# Sticky  Halloween Fonts



## highbury (Nov 5, 2009)

Time to get the new Graphic Design forum going!

Making a new yard haunt sign or tombstone epitaph but don't have the perfect font to do it with? Let's create a running list of free, Halloween-themed font sites from across the web! I've gathered a few sites throughout the years and have an ever-growing stash of great, free fonts that I use on all of my projects:

Chad Savage/Sinister Visions Sinister Fonts

DaFont Halloween, Horror, and Destroy sets

Fontspace Halloween fonts


----------



## Zombie-F (Apr 12, 2004)

I'm going to stick this thread because I already know this is going to be a very useful one.


----------



## screaminscott (Oct 13, 2006)

how about Ravenscroft? It was inspired by the font used at the Disney's Haunted Mansion: http://www.1001fonts.com/ravenscroft-font.html


----------



## DreadKnightswife (Oct 16, 2011)

Thank you for sharing these, I am always looking for fonts to make flyers with!


----------



## fontgeek (Jul 24, 2006)

Gracey's Curse, that was the font used for the printed titles on the movie Haunted Mansion.
As for sites to find free and interesting fonts:
http://www.blambot.com/ (Look for the fonts with the light gray "F" next to the name)
http://www.legacyofdefeat.com/roster.html
http://www.DaFont.com,


----------



## fontgeek (Jul 24, 2006)

Schlop is a very readable and narrow font that's just dripping with character. It's free on Dafont and other sites, The font is by Ray Larabie.
http://www.dafont.com/shlop.font
http://www.dafont.com/theme.php?cat=110&page=2


----------



## Lord Homicide (May 11, 2012)

highbury said:


> Time to get the new Graphic Design forum going!

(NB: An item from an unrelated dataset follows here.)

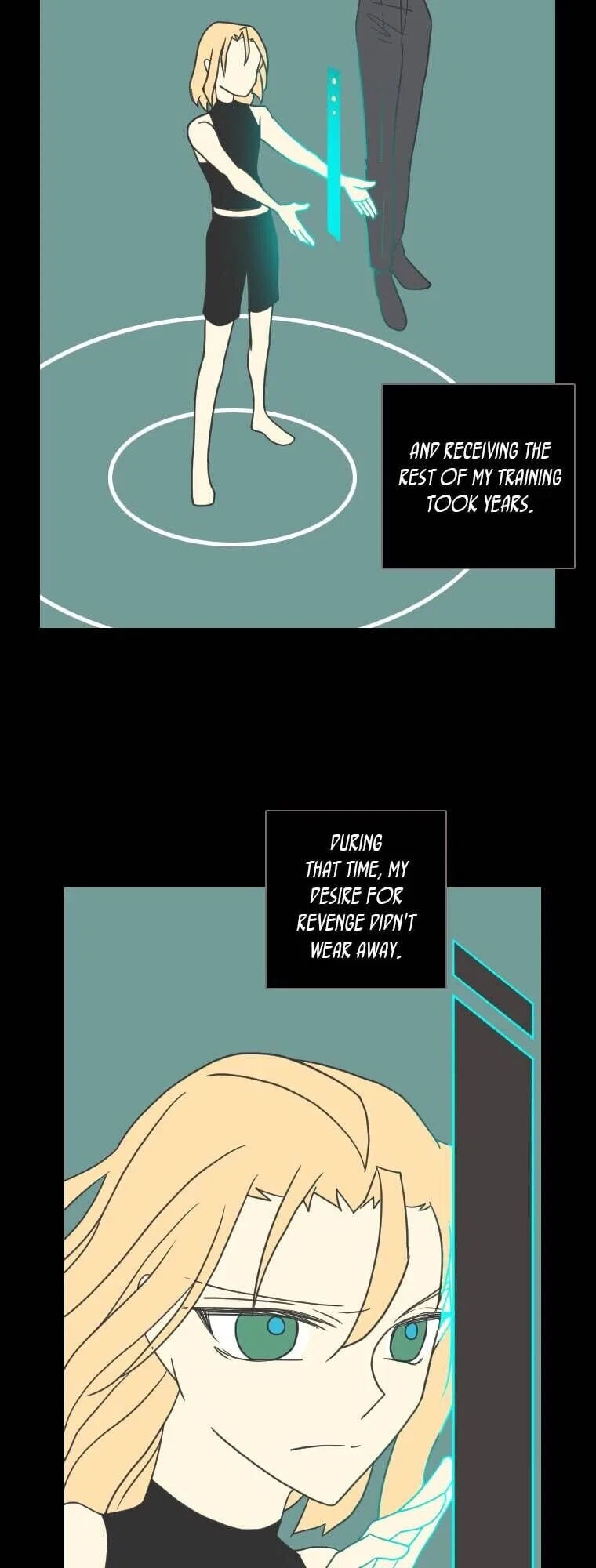 Dreamcide Chapter 198 – Page 26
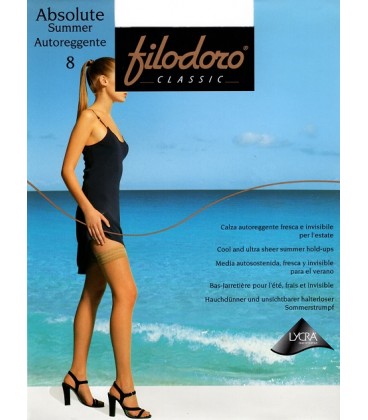 Media Absolute Summer Filodoro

Good call highbury... this will be the best forum on this site 

I probably should have posted these fonts in this thread but I didn't..

Two Nightmare Before Christmas fonts:

*The Gingerbread House*









*Nightmare Before Christmas*









*"The Gingerbread House" application:*
_*Note: I had to improvise and create my own punctuation since this font did not have any._


----------



## corey872 (Jan 10, 2010)

Neat and surely useful thread. Any way to get previews on here without having to visit each individual link? (especially useful if this thread grows beyond a few pages) ((and also feel free to delete this either way... if the concept is unworkable, or implemented))


----------



## fontgeek (Jul 24, 2006)

corey872 said:


> Neat and surely useful thread. Any way to get previews on here without having to visit each individual link? (especially useful if this thread grows beyond a few pages) ((and also feel free to delete this either way... if the concept is unworkable, or implemented))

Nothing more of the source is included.